Sorta: 100 % malvazija iz posušenih grozdnih jagod
Proizvodno območje: Kras
Prst: apnenčasta planota, ki jo prekriva rdeča zemlja z visoko vsebnostjo železa
Srednja starost trt: 18 let
Razporeditev ob sajenju: Guyot – 9.000 trt na hektar – metoda Simonit
Donos: 15 stotov na hektar, 70-odstotna izguba pri sušenju grozdnih jagod ali zaradi žlahtne gnilobe
Serviramo pri temperaturi: 18°C
Ujemanje vina in hrane: modri in starani siri v kombinaciji z medom in mostardo (kandiranim sadjem z gorčico), orehov mrežni kolač.
“Adoro il vino bianco passito, cercavo sempre di immaginare come potesse essere vivere la vendemmia del Ramandolo… Credo che anche la Malvasia istriana possa essere un grande passito. Nell’estate del 2011 gli acini di Malvasia erano chiazzati di botrite, muffa nobile per eccellenza. Succede spesso, nel vino Leonard.

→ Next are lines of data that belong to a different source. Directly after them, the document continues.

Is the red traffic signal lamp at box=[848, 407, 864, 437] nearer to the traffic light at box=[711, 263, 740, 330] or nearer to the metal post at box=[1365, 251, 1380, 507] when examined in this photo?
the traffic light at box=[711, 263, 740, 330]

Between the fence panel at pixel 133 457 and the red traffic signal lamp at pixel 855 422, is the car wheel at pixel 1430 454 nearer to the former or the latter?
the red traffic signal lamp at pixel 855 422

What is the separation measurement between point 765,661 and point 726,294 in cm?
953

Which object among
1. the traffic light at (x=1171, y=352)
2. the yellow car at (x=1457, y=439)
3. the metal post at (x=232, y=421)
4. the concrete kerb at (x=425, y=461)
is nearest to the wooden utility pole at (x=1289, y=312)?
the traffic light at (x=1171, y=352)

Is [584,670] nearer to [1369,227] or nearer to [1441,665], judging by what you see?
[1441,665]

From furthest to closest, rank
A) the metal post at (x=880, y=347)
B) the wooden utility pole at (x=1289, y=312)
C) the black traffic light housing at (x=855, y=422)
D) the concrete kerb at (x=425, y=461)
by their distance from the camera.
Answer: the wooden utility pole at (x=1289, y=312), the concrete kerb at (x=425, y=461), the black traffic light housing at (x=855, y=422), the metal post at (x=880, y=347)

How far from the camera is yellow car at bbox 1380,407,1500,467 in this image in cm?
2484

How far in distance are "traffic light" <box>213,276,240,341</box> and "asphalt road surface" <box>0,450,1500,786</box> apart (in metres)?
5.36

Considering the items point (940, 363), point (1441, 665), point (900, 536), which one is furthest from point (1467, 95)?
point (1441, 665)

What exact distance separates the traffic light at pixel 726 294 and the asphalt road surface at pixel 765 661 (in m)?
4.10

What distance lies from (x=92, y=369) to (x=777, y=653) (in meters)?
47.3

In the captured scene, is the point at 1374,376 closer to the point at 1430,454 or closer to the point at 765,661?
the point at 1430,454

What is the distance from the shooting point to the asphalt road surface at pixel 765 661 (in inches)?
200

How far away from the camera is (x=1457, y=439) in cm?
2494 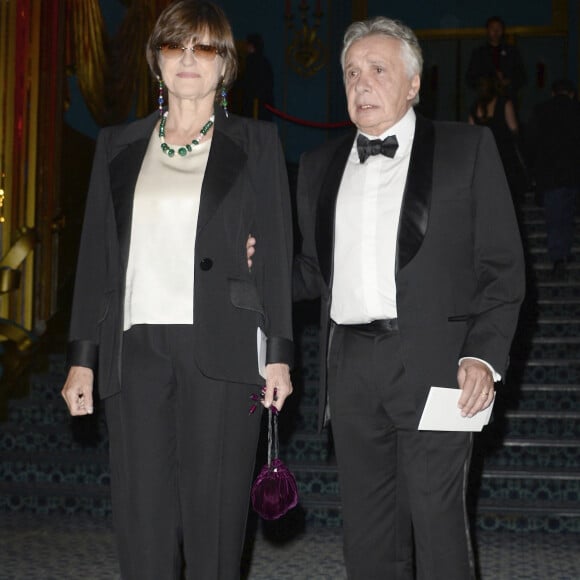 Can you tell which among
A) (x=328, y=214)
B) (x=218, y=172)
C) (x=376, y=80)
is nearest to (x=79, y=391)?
(x=218, y=172)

Questa volta lasciammo appassire sulle piante una piccola parte della vigna, “Malvasia punta” è la vigna esposta a nord – est, perdendone quasi il 70%. Portammo in cantina pochissima, bellissima uva. In quell’anno, la macerazione e la fermentazione furono per me autentiche lezioni di vita.

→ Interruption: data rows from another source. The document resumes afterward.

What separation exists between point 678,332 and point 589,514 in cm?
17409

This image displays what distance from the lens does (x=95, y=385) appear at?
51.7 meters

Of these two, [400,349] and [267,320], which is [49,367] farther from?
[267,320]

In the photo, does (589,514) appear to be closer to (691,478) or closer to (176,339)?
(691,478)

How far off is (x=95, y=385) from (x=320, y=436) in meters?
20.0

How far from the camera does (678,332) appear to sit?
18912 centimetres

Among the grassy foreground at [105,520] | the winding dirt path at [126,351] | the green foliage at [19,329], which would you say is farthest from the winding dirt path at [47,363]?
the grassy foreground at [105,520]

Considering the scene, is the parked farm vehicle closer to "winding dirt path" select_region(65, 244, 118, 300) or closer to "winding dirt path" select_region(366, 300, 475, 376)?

Decidemmo di raffreddare il mosto fino alla temperatura di -2°, e mi sono emozionata, molto, quando vidi che, molto lentamente, la fermentazione continuava. Nella cantina si sparsero profumi inediti, e deliziosi. I lieviti lottavano per sopravvivere, e io rimasi a contemplare quella forza immane, la forza della vita. Mai nessun vino mi aveva regalato simili emozioni. Ricordo quella domenica, in cui a mezzogiorno suonarono le campane e noi interrompemmo il raffreddamento, lasciando il vino al suo destino, qualunque esso fosse. La fermentazione durò per mesi, sembrava non dover finire mai… l’aria era satura di aromi strani… ma positivi, non si percepiva acidità volatile, questo mi spingeva ad andare oltre. Nel frattempo si svolse anche la fermentazione malolattica, era la Natura, e io non volevo interferire.
Quando la fermentazione si arrestò, il residuo zuccherino era troppo basso per un passito. Il vino venne alla luce, e in qualche modo era mio, e dovevo dargli un nome: “Cadenza d’Inganno”, era il mio pensiero, immediato,non poteva essere nessun altro, un nome che si collegava alla musica. Una sequenza di accordi che deviano la fine di una frase, musicale, facendola continuare verso…..qualcosa, un non voler ancora finire, perchè troppo bello, quasi perpetuo.
Mi sono detta: “Non può essere così! È sbagliato!” Ma subito dopo: “Perchè no?” Succede nella musica, nel vino, e nella vita. Scoprire questo vino, accettare le sue deviazioni, mi sollevarono a un palmo dall’infinito.”